Mr Justice Pepperall considered that there were a number of factors which told in favour of this contract being a relational contract. These were:

  • The contract was long term and the parties plainly intended that they should have a long-term relationship.
  • The long-term PFI contract required a close collaborative working relationship in which, the Parties “must have intended that their respective roles be performed with integrity and with fidelity to their bargain and their shared environmental objectives”.
  • Whilst the relationship was essentially commercial, the parties intended that they should each repose trust and confidence in the other.
  • The contract required a high degree of communication and co-operation.
  • The contract required a significant investment by both parties.
  • The contract involved exclusivity between the parties.

As a result Mr Justice Pepperall held that:

“this 25-year PFI contract is a paradigm example of a relational contract in which the law implies a duty of good faith”.

What did that mean? The Judge referred to the decision of Leggatt LJ in the case of Sheikh Al Nehayan Case v Kent [2018] EWHC 333 (Comm), where he said:

“In Paciocco v. Australia and New Zealand Banking Group Ltd [2015] FCAFC 50, at [288], in the Federal Court of Australia, Allsop CJ summarised the usual content of the obligation of good faith as an obligation to act honestly and with fidelity to the bargain; an obligation not to act dishonestly and not to act to undermine the bargain entered or the substance of the contractual benefit bargained for; and an obligation to act reasonably and with fair dealing having regard to the interests of the parties (which will, inevitably, at times conflict) and to the provisions, aims and purposes of the contract, objectively ascertained. In my view, this summary is also consistent with the English case law as it has so far developed, with the caveat that the obligation of fair dealing is not a demanding one and does no more than require a party to refrain from conduct which in the relevant context would be regarded as commercially unacceptable by reasonable and honest people…”

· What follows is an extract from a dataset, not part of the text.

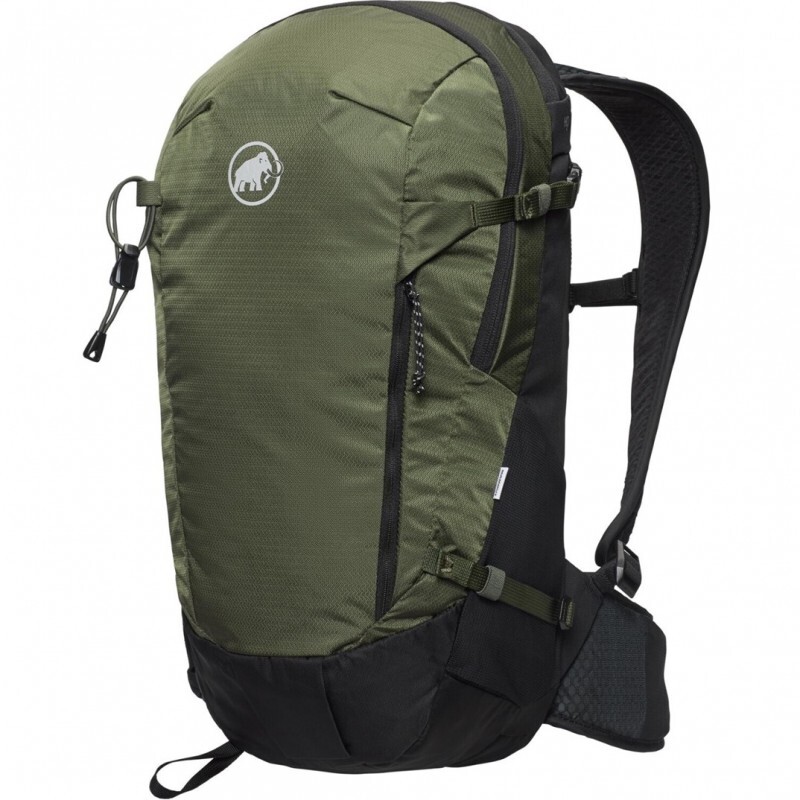 Mammut Turistický batoh Mammut Lithium 15 Dark marsh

Accordingly,  the Judge concluded that:

• “Whether a party has not acted in good faith is an objective test.”

• “Dishonest conduct will be a breach of the duty of good faith, but dishonesty is not of itself a necessary ingredient of an allegation of breach. Rather the question is whether the conduct would be regarded as ‘commercially unacceptable’ by reasonable and honest people.”

• “What will be required in any individual case will depend upon the contractual and factual context.”